The problem isn't the book. The problem is that I already know the end to this tale, and it's not the pleasant end shown in the book. Sure, the characters may be trying to prove themselves in Garrosh's Horde, but Garrosh doesn't give a flying flip about these people or their races, save for perhaps Shagara -- I suspect Malgar's original defection from the Horde wouldn't sit right in the eyes of Hellscream. The blood elves, the forsaken, the tauren, the trolls -- they all have no place in the current army of the Horde. Garrosh simply doesn't care at best, at worst, he holds out and out contempt and disgust for them.
Because of this, it's difficult to read this book and see these characters so invested in a Horde that cares so very little for them. They express a loyalty and conviction that instead of being inspiring, is simply really, really sad, given what we know of the Horde today. Reading it, I had a continual sinking feeling in my stomach, imagining what these characters are doing in the Horde of today and suspecting it has something to do with those spikes atop Orgrimmar. Had this book been released two years ago, in the midst of Cataclysm, this review would likely be a very different one -- but as it stands, the tale is almost too little, too late in light of the Garrosh presented in Mists.
Does this mean you should avoid the book? I don't think so -- keep in mind this is just one reviewer's opinion, and I spend a lot more time than usual entrenched in the lore of Warcraft, so these things occur to me while I am reading. When I could put aside that sinking sensation in the pit of my stomach, forget about Mists of Pandaria and simply focus on the book, it was a good book -- it was just difficult for me to separate what I already know from what was going on in the graphic novel. Bloodsworn is really well done, entertaining, and honestly I wouldn't mind seeing what these individual characters are up to now, in light of current events in the Horde. Watching a character go from blind devotion to questioning that devotion, to me, would be an interesting followup.

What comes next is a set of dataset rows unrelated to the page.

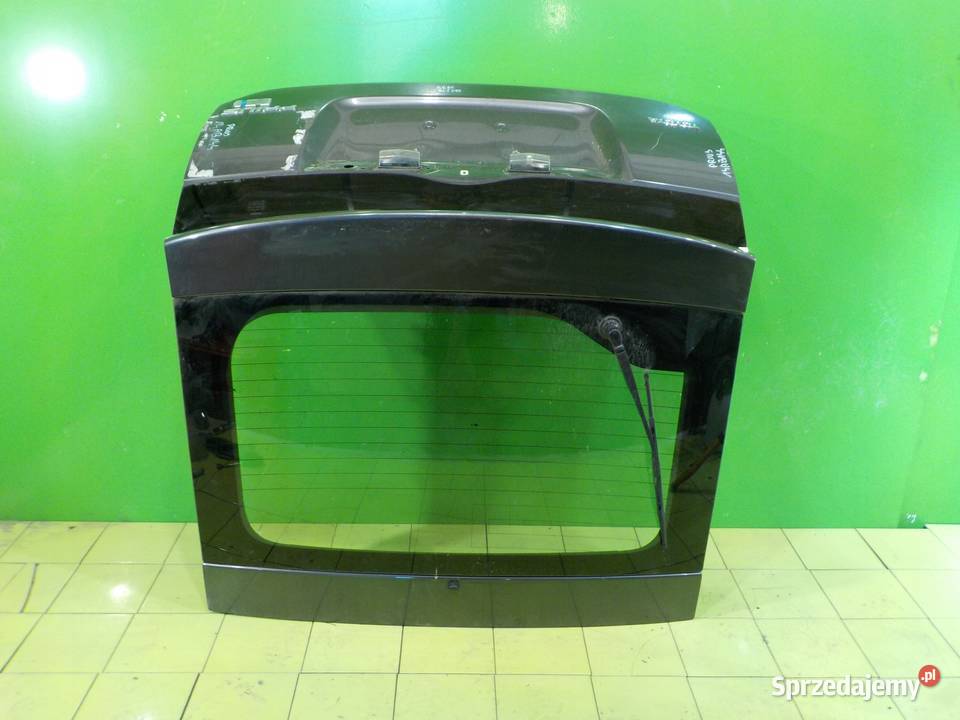 TOYOTA PRIUS II 09r HB 5D klapa tyl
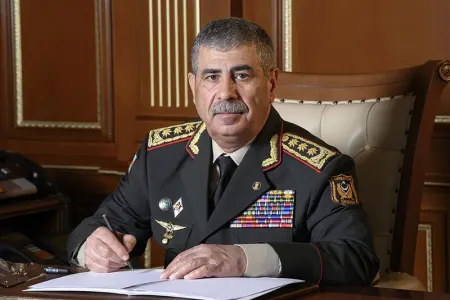 Zakir Həsənov Dövlət Suverenliyi Günü münasibətilə Azərbaycan Ordusunun şəxsi heyətini təbrik edib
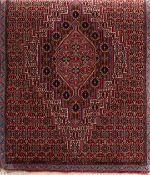 Bidjar, Persien,rotgrundig, durchgehend gemustert mit Zentralmedaillon, Fransen gekürzt, 100x70 cm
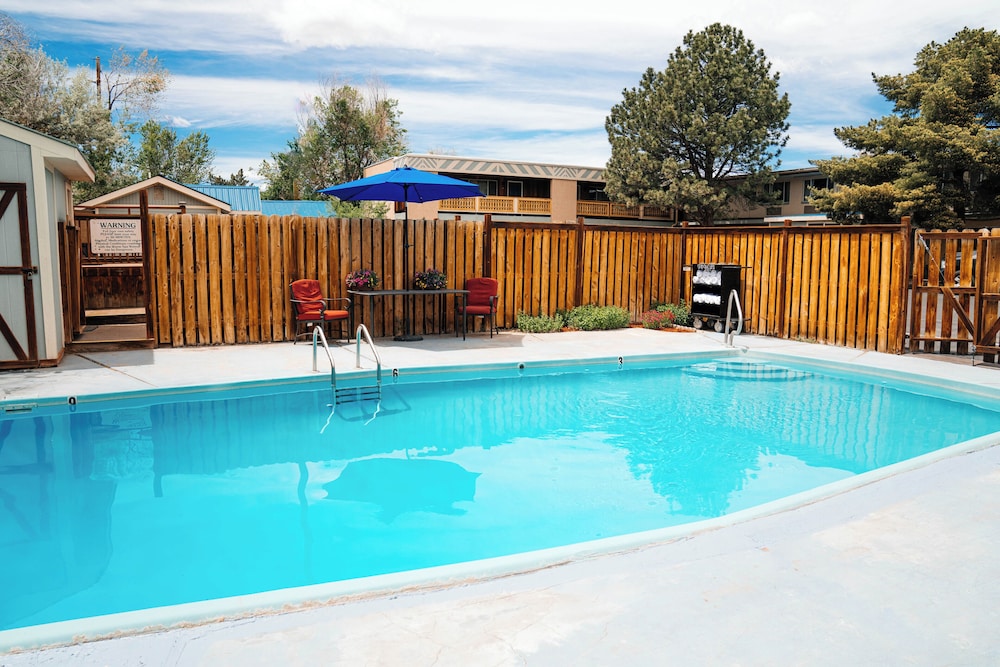 Salida Inn & Monarch Suites - photo 100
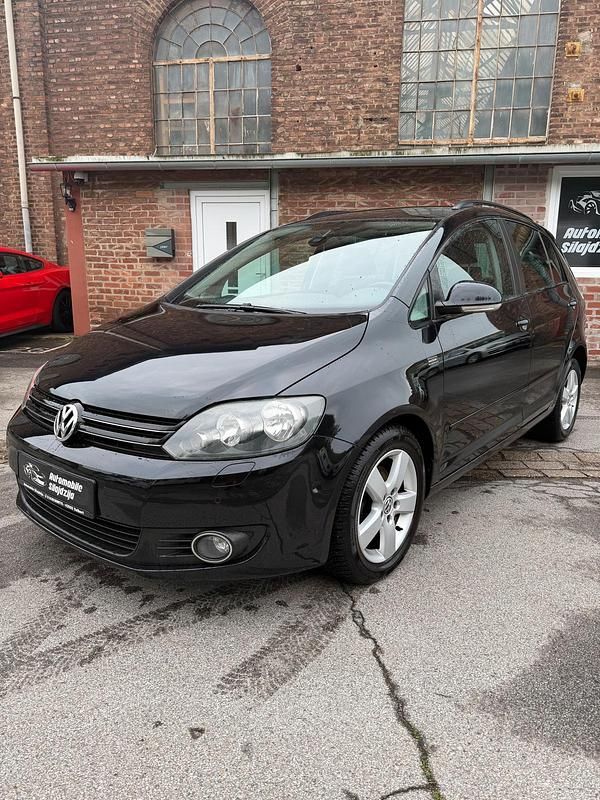 Gebraucht VW Golf VI 105 PS (77 kW) 2011 Schwarz Kleinwagen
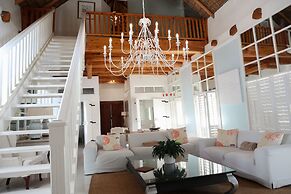 The Doolhof Country House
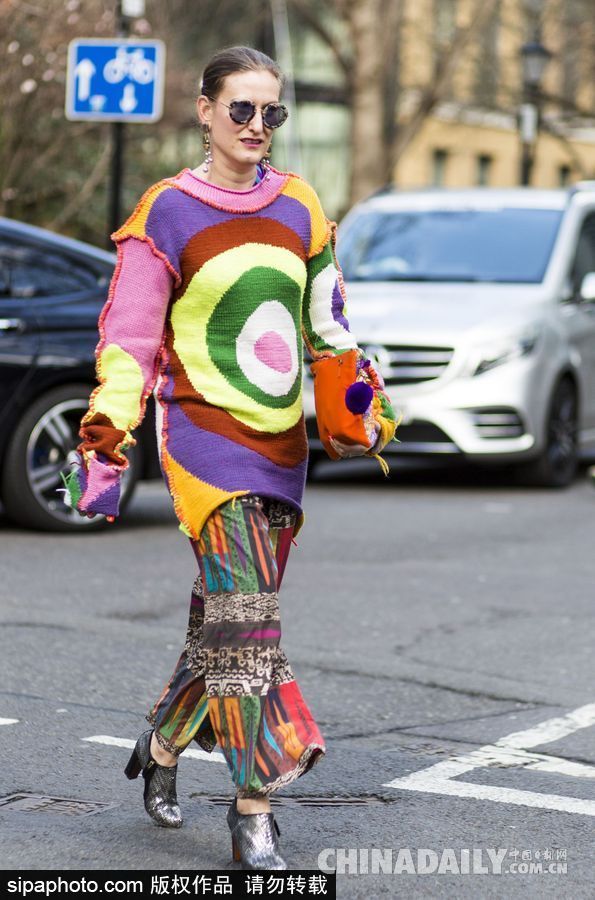 色彩碰撞！倫敦時(shí)裝周場(chǎng)外潮人冬日里穿出春天活潑感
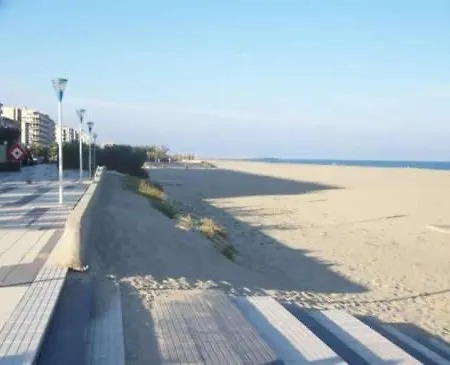 Le Nautilus - 2 Adultes 3 Enfants - - Vue - Place Mediterranee 카네트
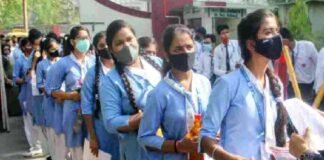 ‘अपणों स्कूल, अपणू प्रमाण’ : कक्षा 11 एवं 12 में अध्ययनरत छात्र-छात्राओं के लिए उत्तराखंड सरकार की अच्छी पहल uttarakhand govt schools 12th class students uniform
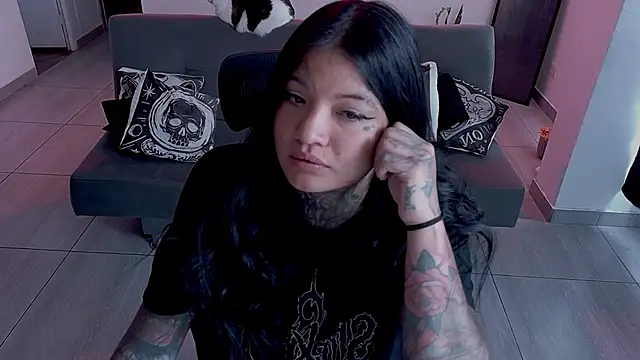 Snapshot of Unatatuada chatting on 03-05-26, 05:31 Unatatuada online show from 03-05-26, 05:31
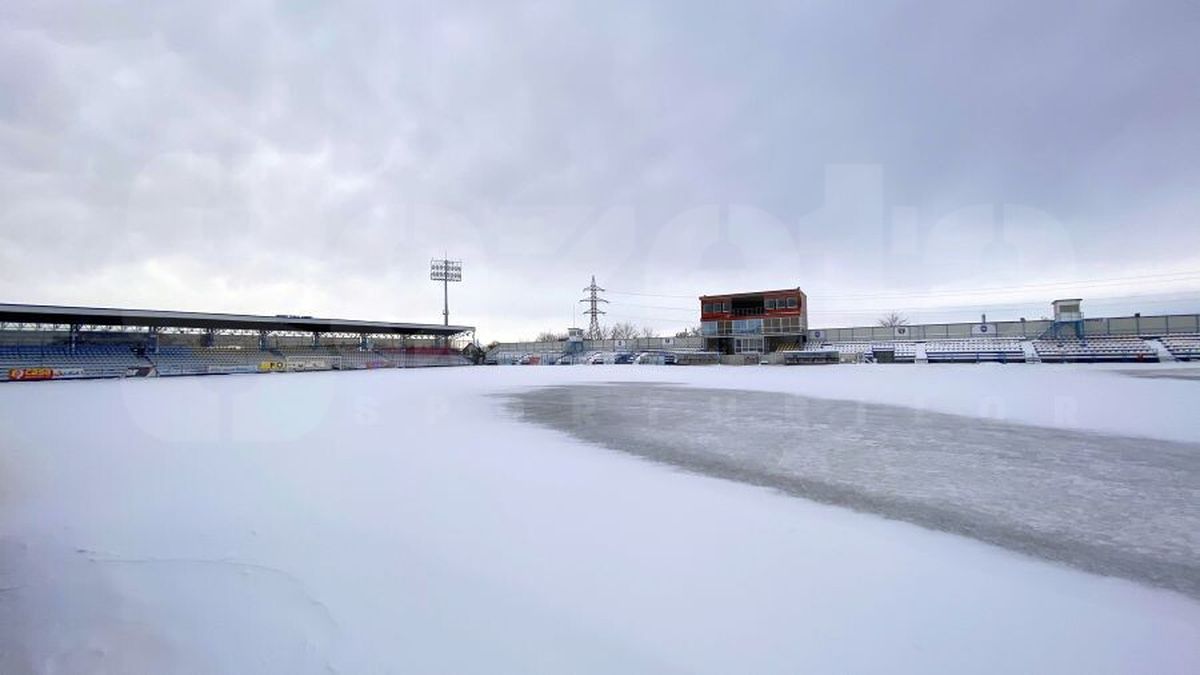 EXCLUSIV VIDEO + FOTO UPDATE Se lucrează din greu la stadionul din Voluntari » Gazonul e gata de meci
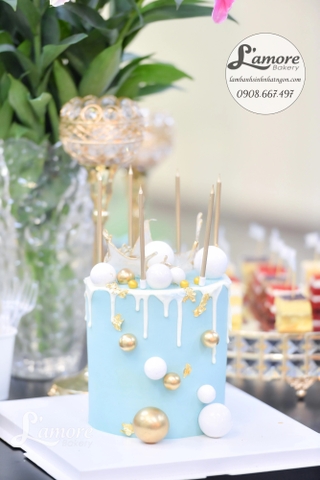 Bánh khai trương thương hiệu Dr Smart Lift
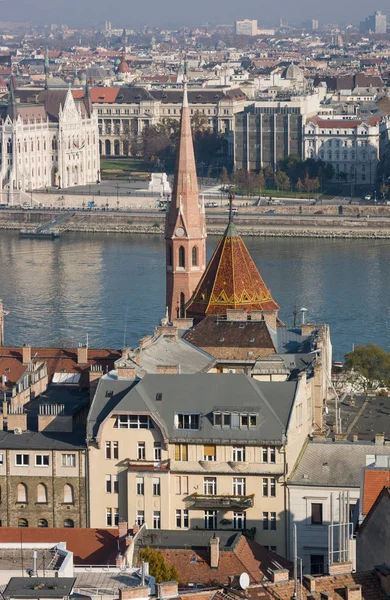 Budai Reformatus Gyulekezet (reformatus church) in Budapest, Hungary — Stock Photo, Image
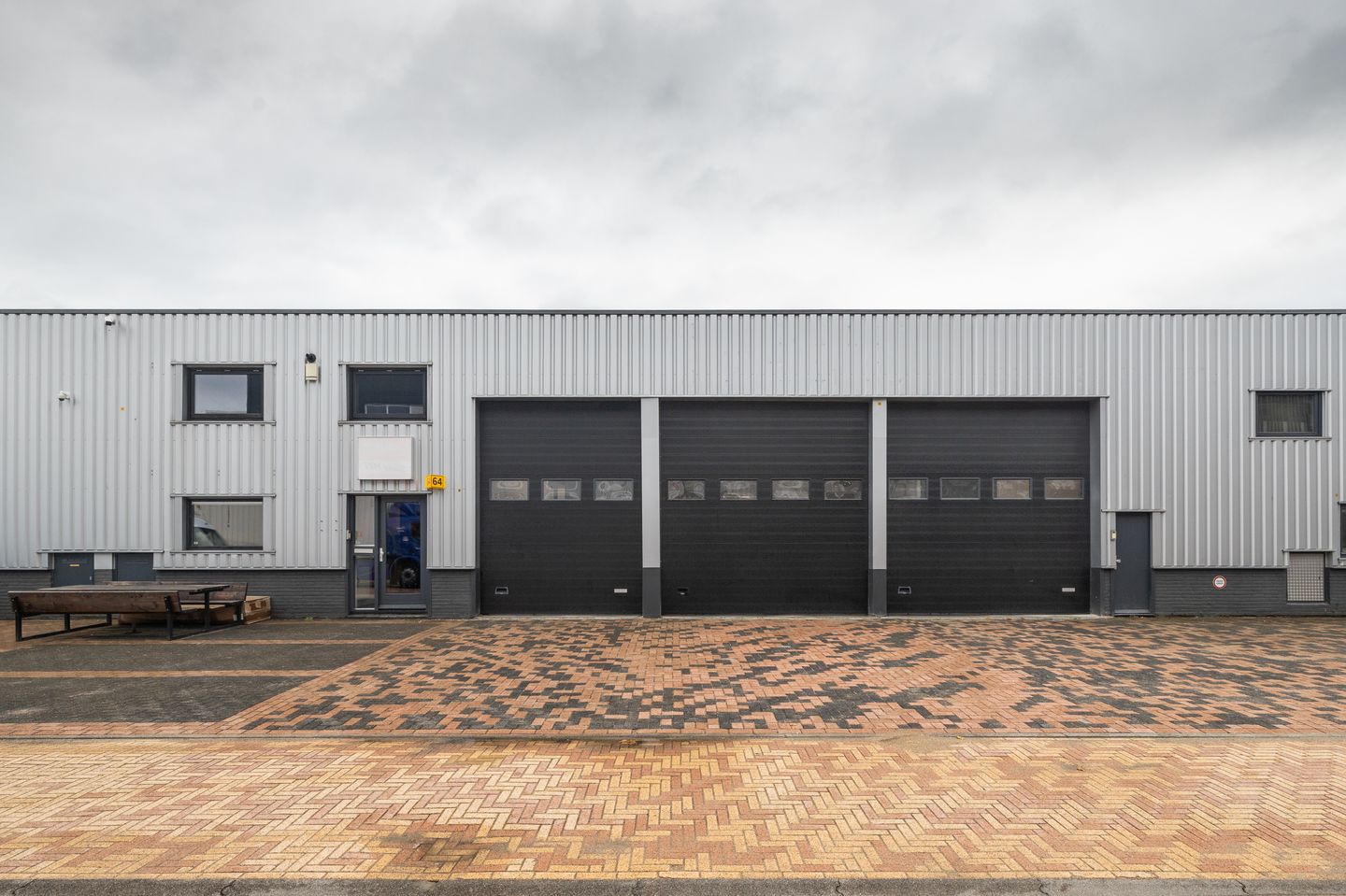 Bekijk foto 1 van Industrieweg 64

If nothing else, Bloodsworn gives us a glimpse of that Horde of not-so-long-ago -- a Horde that had a bright vision of the future and every confidence in Thrall's chosen replacement, before he began his descent into power-hungry megalomania. A Horde that Vol'jin speaks of so fervently when trying to persuade players to join the Darkspear Rebellion. A family -- a family of misfits, to be certain, but a family that shows a depth of love and devotion to each other as fierce and tenacious as their struggle for survival in a world that cares little for their existence.
The hardcover of Bloodsworn, written by Doug Wagner with artwork by Jheremy Raapack, is available for purchase on Amazon for $18.53, to be released next Tuesday. Amazon also has a Kindle version of the book for $12.99, or for Nook users, you can find it on Barnes and Noble for $13.99.